Sandra Fernández, who teaches zoology pro bono at the faculty of natural sciences at the National University of La Plata, said: "My responsibilities are the same as those of a paid assistant. I put in the hours needed to prepare the classes to a high standard, including the practical work. I have to organise many things from home.

"It's a good question as to why I do it for nothing.
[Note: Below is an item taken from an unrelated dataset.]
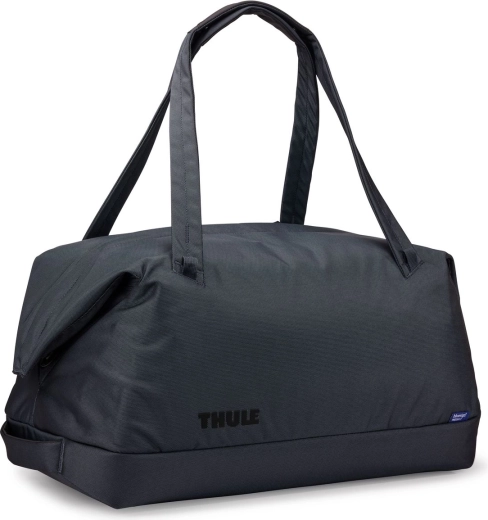Thule Subterra 2 torba podróżna 35 l dark slate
The simple answer is: I like what I do.

"I suppose I have colleagues who also do it out of pleasure and, furthermore, as part of their academic development because it is important to show experience when it comes to competing for salaried teaching posts and the allocation of scholarships."

The Government is currently in talks with the trade unions about increasing the national budget for state universities by 30 million pesos (£5 million) this year so that pro bono teachers can receive a salary.

However, the trade unions say the amount needed is 205 million pesos (£34 million) a year, which would give every pro bono teacher a salary of 533 pesos (£88) a month.

The Ministry for Education plans to carry out a nationwide census of academics to find out the exact number of academics working pro bono .


Maria Florencia Cendali has been teaching sociology pro bono at the University of Buenos Aires for three years.

She said: "It should be made clear that all teachers who work in private and public universities get miserable salaries that do not reflect their work or the social and economic situation of our country.

"As to why many academics work for free, I think you must distinguish between universities, faculties and positions, because the motives vary.

"In my experience, most do it as a way in, to obtain contacts for other jobs, to have some cachet in front of other professionals and in the hope of one day acquiring a paid position."

Since 2004, she has worked as a pro bono teacher in the social sciences faculty, spending four hours a week teaching plus several hours more preparing for classes.

"From the moment I made the decision that teaching was the way in which I wanted to realise my profession, sociology, I knew that working pro bono would be the beginning of the path I had to take to put this decision into practice," she said.

"I began to teach for free as an assistant when I was halfway through my university studies.

"Although some universities have fewer teachers who work pro bono than others, this kind of work has come to be seen as something natural and normal."


* There are 38 state universities and 60 private ones

* The state universities have a total of 900,000 students and the private ones 400,000

* About 40 per cent of young people attend university

* The University of Buenos Aires has about 200,000 students

* The student dropout rate at UBA is 21 to 22 per cent

* The total number of salaried academics nationwide is 115,000

* There are no student loans in the country, and only 10,000 students receive a scholarship. Otherwise, their families pay or they work

* It is common for students to take up to seven or eight years to complete their studies

* The total higher education budget is 4.3 billion pesos (£708 million) for this year.